*** Opening Information provided ***

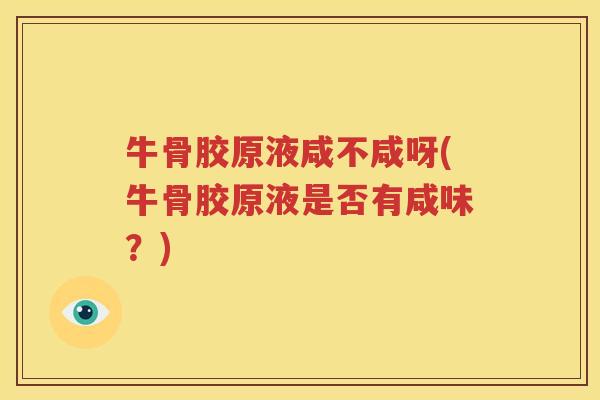 牛骨胶原液咸不咸呀(牛骨胶原液是否有咸味?) 牛骨胶原液咸不咸呀(牛骨胶原液是否有咸味?)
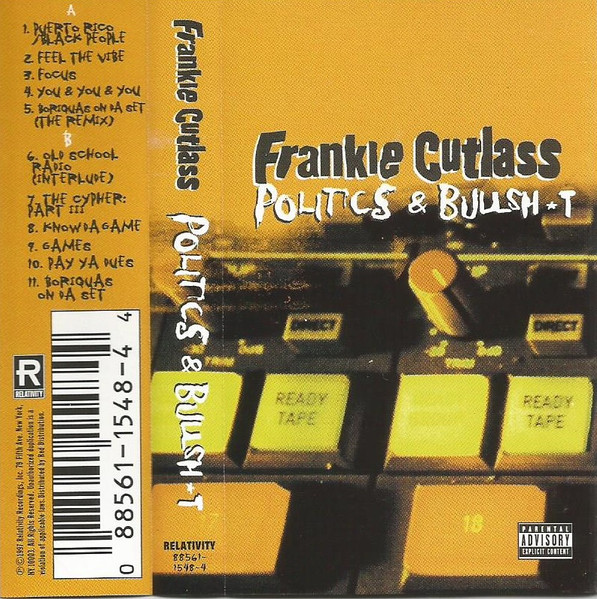 Frankie Cutlass – Politics & Bullsh*t (1997, Cassette) - Discogs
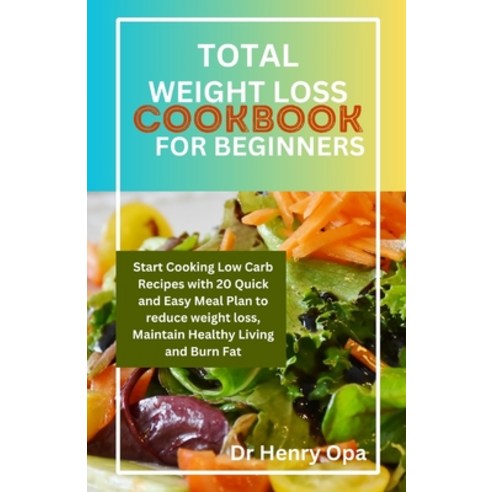 (영문도서) Total Weight Loss Cookbook for Beginners: Start Cooking Low Carb Recipes with 20 Quick and Ea... Paperback, Independently Published, English, 9798876063533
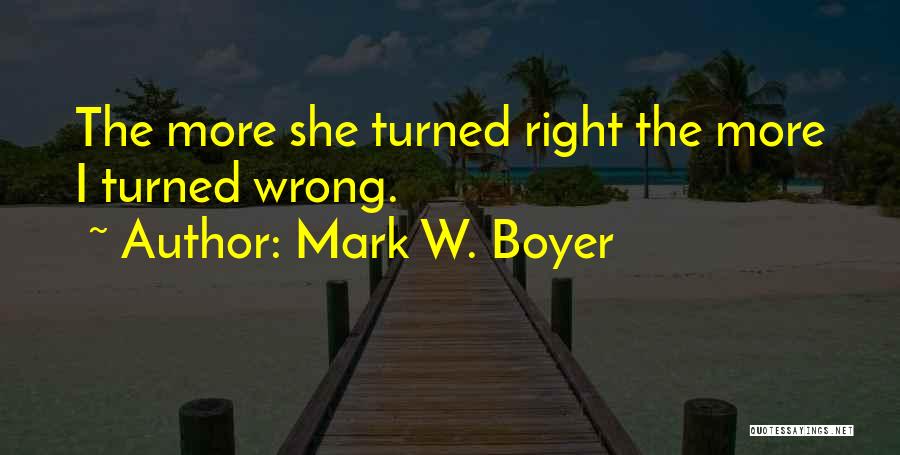 Right And Wrong Relationship Quotes By Mark W. Boyer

*** Closing Information provided ***

> [What you will do]: Print the full listing above again with exact wording and no images.

> [Written answer]:
 牛骨胶原液咸不咸呀(牛骨胶原液是否有咸味?) 牛骨胶原液咸不咸呀(牛骨胶原液是否有咸味?)
 Frankie Cutlass – Politics & Bullsh*t (1997, Cassette) - Discogs
 (영문도서) Total Weight Loss Cookbook for Beginners: Start Cooking Low Carb Recipes with 20 Quick and Ea... Paperback, Independently Published, English, 9798876063533
 Right And Wrong Relationship Quotes By Mark W. Boyer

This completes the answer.